A cet orgueil naturel Jésus va préférer la pratique de l’humilité la
plus parfaite au monde. Etudions donc un
peu: l’humilité de jésus Quand le Verbe s’est incarné, il n’a pas pris la
personnalité humaine, mais seulement la nature humaine. Une personne est celle qui est maîtresse de
ses opérations, qui contrôle tout son être et qui est indépendante dans ses
actions. Une personne suit son
intelligence, sa volonté comme elle veut et quand elle veut. Eh bien, le Verbe s’est uni la nature
humaine, mais il a créé au même instant son union avec elle et c’est la
Personne du Verbe qui a pris possession tout de suite de cette nature. Elle n’a donc jamais été conduite par une
personne humaine, mais elle a appartenu tout de suite à la Personne du Verbe;
c’est donc le Verbe qui a été son Maître, qui l’a contrôlée, gouvernée et
dirigée. Sa nature humaine n’a donc
jamais eu ces sentiments que nous avons tous: je fais ce que je veux! Telle chose n’a pas de bon sens, je ne la
ferai pas parce que je n’aime pas cela, etc.

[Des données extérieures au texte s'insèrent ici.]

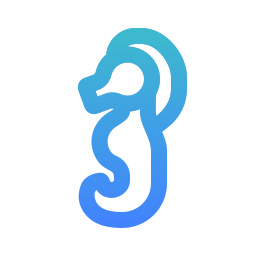Seahorse  icon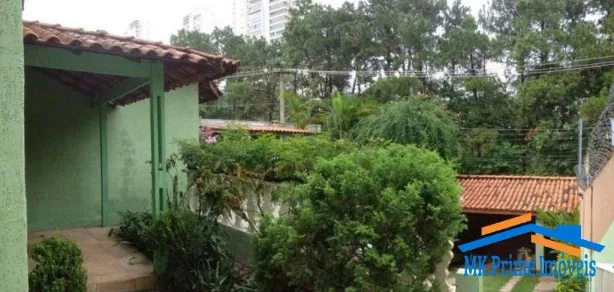 Casa de Condomínio com 6 Quartos à venda, 240m² no Parque dos Príncipes, São Paulo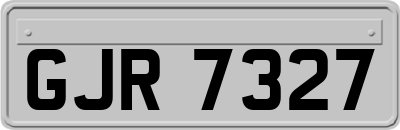 GJR7327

Toute sa nature humaine s’est donc renoncée totalement dans le
Verbe. Elle voyait si bien le divin
qu’elle a agi exactement comme elle le ferait dans le ciel même. Est-ce que là j’imposerai mes idées à
Dieu? ou ma volonté? Sûrement non!
Mais je prendrai toutes mes idées en Dieu, je prendrai ma volonté en
Dieu et je ferai toutes choses selon Dieu et pour Dieu. Voyons le détail de cette union avec Dieu
dans les trois centres d’activité que nous avons: l’intelligence, la volonté et
l’être ou la vie. L’intelligence humaine
de Jésus ne s’est pas perdue dans la vaine admiration des échantillons créés
quand elle contemplait les perfections divines du Verbe. Même son propre être, le plus parfait que
Dieu puisse créer n’était rien devant la divinité même qu’elle
contemplait. Elle ne s’admirait donc pas
ellemême et comme en dehors de Dieu comme les hommes font si sottement. Mais elle se perdait dans l’admiration des
perfections divines de sorte qu’elle s’oubliait elle-même ou elle admirait en
elle-même le divin que Dieu y avait mis, et donc ce n’était que Dieu qu’elle
admirait. Elle n’avait donc pas de
sentiments d’orgueil, mais d’humilité profonde comme toute créature aura devant
Dieu vu face à face au ciel. L’humilité
est souvent définie: se mettre à sa vraie place. Eh bien, il est certain que l’intelligence
humaine de Jésus est restée à sa place, infiniment inférieure à Dieu qu’elle a
estimé comme une créature peut le faire unie à Dieu. Sa propre perfection qu’elle voyait sans
doute lui faisait voir la divinité dans l’échantillon de Dieu qu’était son être
créé…
La
volonté humaine de Jésus, comme la nôtre, prend son objet dans l’intelligence
humaine de Jésus. Comme celle-ci est
pleine des perfections divines, la volonté les veut de tout le poids de son
être. Elle aime ce que l’intelligence
contemple dans le Verbe et elle met là ses délices. Elle adhère aux perfections divines de tout
son être et c’est en cela que consiste sa sainteté, la plus grande de toutes
les natures créées. Aussi la volonté de
Jésus veut exactement tout ce que Dieu veut et comme il le veut. Jamais elle ne serait tentée de se révolter
contre Dieu ou de vouloir autre chose que ce que Dieu veut. On voit dans l’agonie de Jésus que sa volonté
humaine supplie Dieu de la préserver de la passion, mais elle ajoute tout de
suite: Que votre volonté se fasse et non la mienne. Jésus a déjà dit: Je ne fais jamais ma
volonté, mais je fais toujours celle de mon Père. Voilà de la véritable humilité. C’est Dieu qui est tout devant elle; et elle
s’efface totalement devant Dieu. Dans sa
vie. Avec une intelligence et une
volonté tout en Dieu, on peut comprendre ce que doit être sa vie, conduite par
ces deux facultés totalement soumises au divin dans le Verbe. Jésus veut même en tant qu’homme, tout ce que
Dieu se veut à lui-même. Ce que les
humains se veulent par nature pour eux-mêmes, comme on vient de le voir, Jésus
le veut de tout son être humain pour Dieu.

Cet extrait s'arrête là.